Jalogüín y sus muertos
Jalogüín y sus muertos
Pues no. No pienso darles la barrila con otro artículo –otro más- deplorando la, para tantos, injertada y artificial tradición festiva del Jalogüín, con sus calabazas y su parafernalia de tebeo sangriento. Va a ser que no. Y menos aún un artículo cargado de impostación y llanto por el progresivo abandono de otras costumbres más próximas en lo teatral o lo gastronómico.

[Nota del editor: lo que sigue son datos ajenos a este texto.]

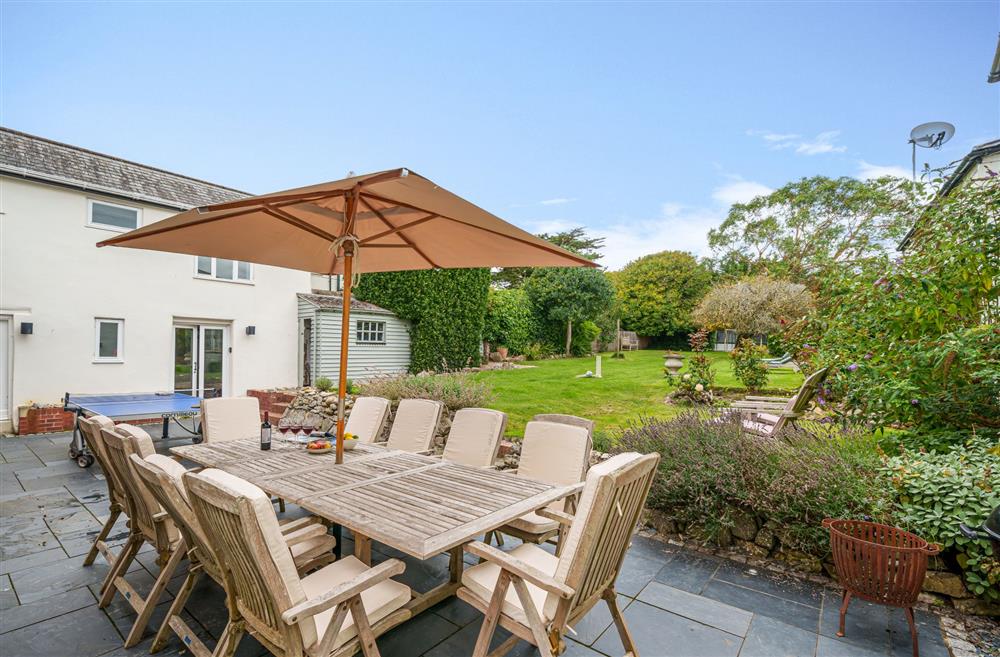 Relax and unwind in this spacious garden at Albury House, Charmouth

Francamente, a estas alturas, ver una reposición del Tenorio o darme una mano de castañas con anís acabaría produciéndome una inconveniente acumulación de gases. A ver si me explico: me declaro neutral. Me parece espléndido que nuestros hijos y sobrinos hayan asumido con la despreocupada naturalidad de la infancia una fiesta de la que desconocen su raíz histórica y que son incapaces de deletrear correctamente. Menuda pesadez lo del Jalogüín y sus muertos, ya digo, pero qué importa si hay jolgorio, disfraces y caramelos. Lo mismo digo de los zangolotinos que con la excusa de la jovial importación celebran guateques de mucho roce o acuden a los bares disfrazados de cadáver o de cualquier otra majadería. Del mismo modo me parece fantástico que se conmemoren estos días a base de fogatas, rondallas y lapos de anís. Que cada cual lo haga como estime conveniente y a vivir que son dos días, aunque la paradójica excusa sea festejar la muerte. Por mi parte insisto en declararme neutral en la pretendida confrontación de costumbres y tradiciones. Nunca me llamó la atención el recordatorio de las ánimas, vengan éstas disfrazadas de sombría premonición o con careta de vampira y tacones. Me limito a vivir la vida, que para lo otro ya habrá tiempo.